Y cuando el hombre que la acompañaba, lejos de pretender defenderla, quiere huir porque conoce la fuerza y la valentía de Chumín, éste lo alcanza, le desgarra de un manazo la chamarra y lo golpea también, entre insultos de coraje. Y cuando al fin logra correr y huir a campo traviesa, tras él van las piedras que le dispara Chumín, el mayordomo. El grupo de peones ha permanecido un poco alejado, contemplando aquella escena, cruzando entre ellos alguna frase de aprobación y una sonrisa de satisfacción. Y el niño, que ve con ojos espantados la explosión de coraje de Chumín, se dice admirado:
–¡Qué valiente es Chumín! ¡Da gusto tener un mayordomo así, que sepa pegar y defenderlo a uno! ¿Pero por qué ha golpeado también al hombre, si es ella la que busca a los hombres y los atrae y los asesina? ¡Porque ella es la Xtabay, no cabe duda!
Nuestro pequeño amigo se sorprende de que Chumín no acabe con aquella mujer. A ella sí debió pegarle más, hasta matarla, porque en anterior ocasión se llevó a su padre y porque él le tiene odio y horror. Todo ha sido cuestión de unos cuantos minutos. El grupo de peones, con él en brazos atemorizado todavía, mirando sorprendido a Chumín, ha vuelto a ponerse en camino.

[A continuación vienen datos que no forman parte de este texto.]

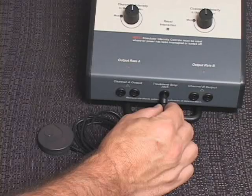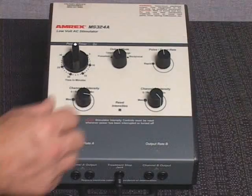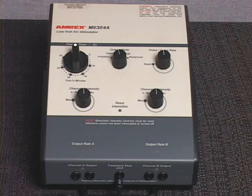Connect the patient treatment stop switch to the treatment stop jack. Rotate the intensity control knob or knobs to the zero reset position, enabling the audible click or clicks.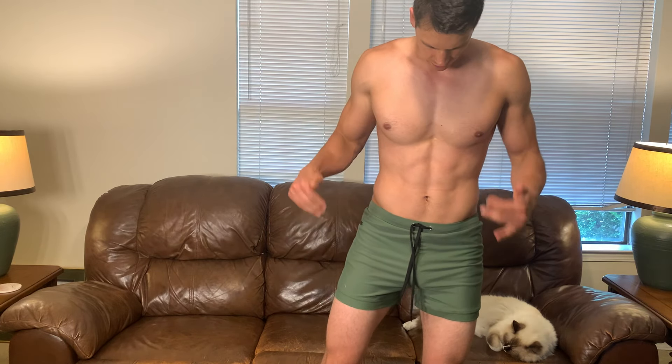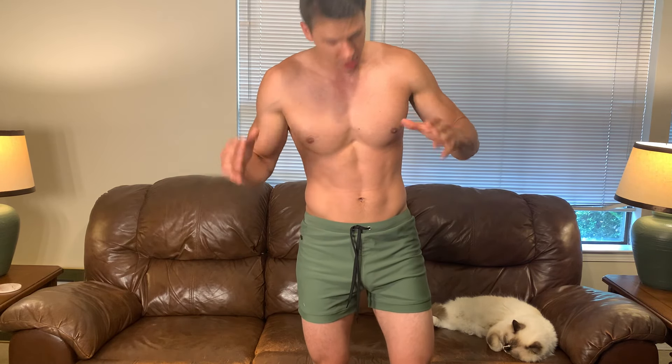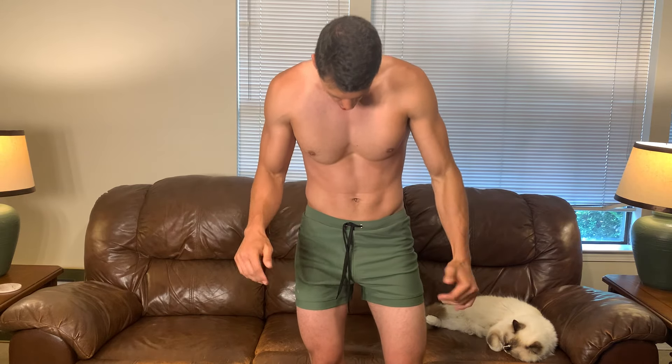Hey everyone, it's John. Today we're taking a look at these swim trunks from CooFandy. These were sent out to me for review and I'll share my thoughts and give you a bit of a sizing guide, because as you can see, these are pretty short shorts and I got these in a size large and they're still this short.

Y Chumín parece que va orgulloso y satisfecho porque ya no regaña con nadie y el niño le ha oído decir:
–¡Yo creo que todo esto le servirá de lección! ¡Esa ya se portará mejor!
Y no se habló una palabra más.
VI
Ya están de vuelta en la hacienda los peones. Y nuestro pequeño amigo cuenta a su madre la gran aventura:
–¡Qué valiente es Chumín, madre! ¡Y qué fuerzas tiene! Vengó a mi padre, porque hoy le he visto pegarle a la Xtabay; allá la dejó tirada entre el polvo del camino.
Y cuando la buena señora sonríe complaciente, él agrega muy ufano y satisfecho:
-Sí, madre. ¡Era la Xtabay! Y verás cómo ella ya se portará mejor porque Chumín lo dijo y porque ella a Chumín le tiene miedo.
Después de decir esto, el niño se fue a dormir más tranquilo.
Diario del Sureste. Mérida, 26 de abril de 1936, segunda sección, p. 3.